** Given data **
<<<<

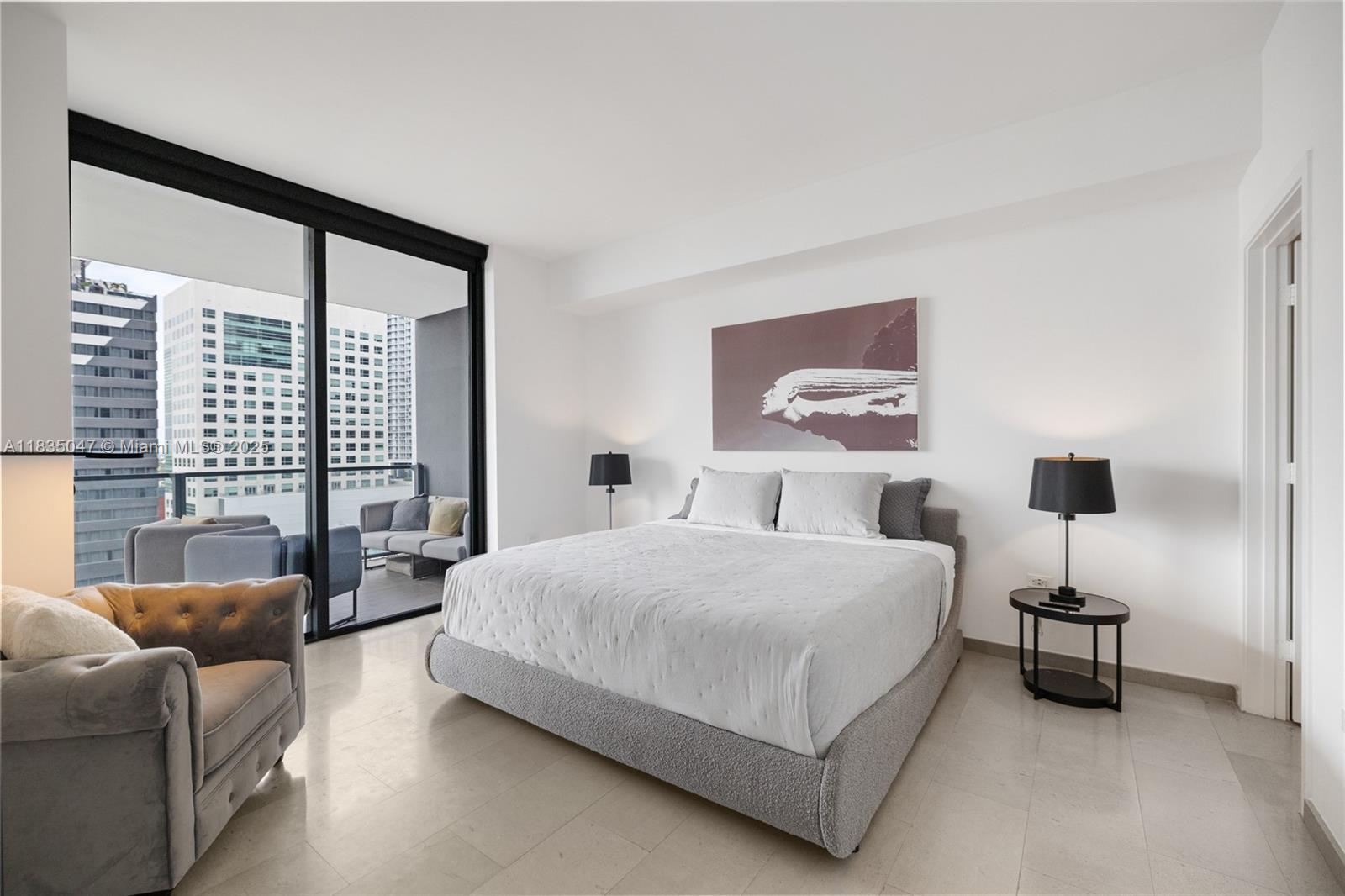 88 Southwest 7th Street, Unit 1010 Miami, FL 33130 - Photo 31 of 42 a bedroom with a bed couch and a large window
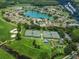 Aerial view of the tennis courts and surrounding community amenities at 1407 Hickory Moss Pl, Trinity, FL 34655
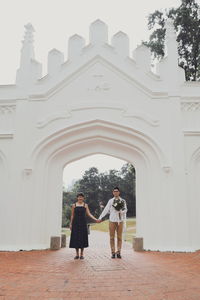 Man and woman standing by historic building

>>>>

** What to do **
Apart from its pictures, the data is to be repeated exactly.

** Your response **
 88 Southwest 7th Street, Unit 1010 Miami, FL 33130 - Photo 31 of 42 a bedroom with a bed couch and a large window
 Aerial view of the tennis courts and surrounding community amenities at 1407 Hickory Moss Pl, Trinity, FL 34655
 Man and woman standing by historic building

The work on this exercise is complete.